Mask

The Mask Function masks, or replaces, patterns in events. This is especially useful for redacting PII (personally identifiable information) and other sensitive data.

Usage

Filter: Filter expression (JS) that selects data to feed through the Function. Defaults to true, meaning it evaluates all events.

Description: Optionally, enter a simple description of this Function.

Final: If toggled to Yes, stops feeding data to the downstream Functions. Defaults to No.

Masking Rules: This table defines pairs of patterns to match and replace. Defaults to empty. Click Add Rule to add each rule. Each row of the resulting table provides the following options:

  • Match Regex: Pattern to replace. Supports capture groups. Use /g to replace all matches, e.g.: /foo(bar)/g
  • Replace Expression: A JavaScript expression or literal to replace all matching content. Capture groups can be referenced with g and the group number – e.g., g2 to reference the second capture group.
  • Enabled: Toggle this off to disable matching individual rules, while retaining their configuration in the table. Useful for iterative development and debugging.

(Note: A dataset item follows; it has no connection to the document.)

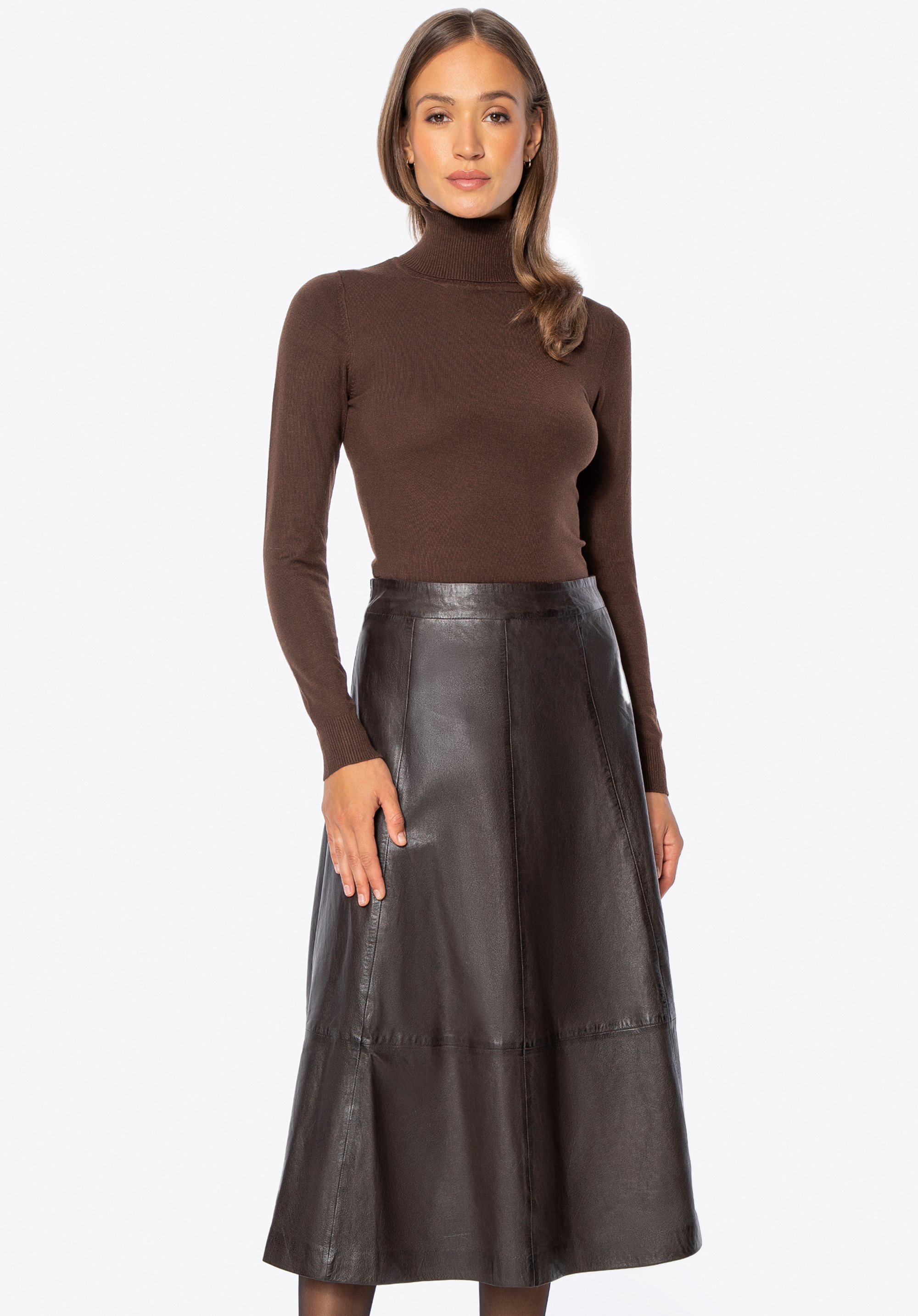 Midi leather skirt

Apply to Fields: Fields on which to apply the masking rules. Defaults to _raw. Add more fields by typing in their names, separated by hard returns. Supports wildcards (*) and nested addressing. Supports double-underscore (__) internal fields only if individually enumerated – not via wildcards.

Negated terms are supported. When you negate field names, the fields list is order-sensitive. E.g., !foobar before foo* means “Apply to all fields that start with foo, except foobar.” However, !foo* before * means “Apply to all fields, except for those that start with foo.”

Advanced Settings

Evaluate fields: Optionally, specify fields to add to events in which one or more of the Masking Rules were matched. These fields can be useful in downstream processing and reporting. You specify the fields as key–value expression pairs, like those in the Eval Function.

  • Name: Field name.
  • Value Expression: JavaScript expression to compute the value (can be a constant).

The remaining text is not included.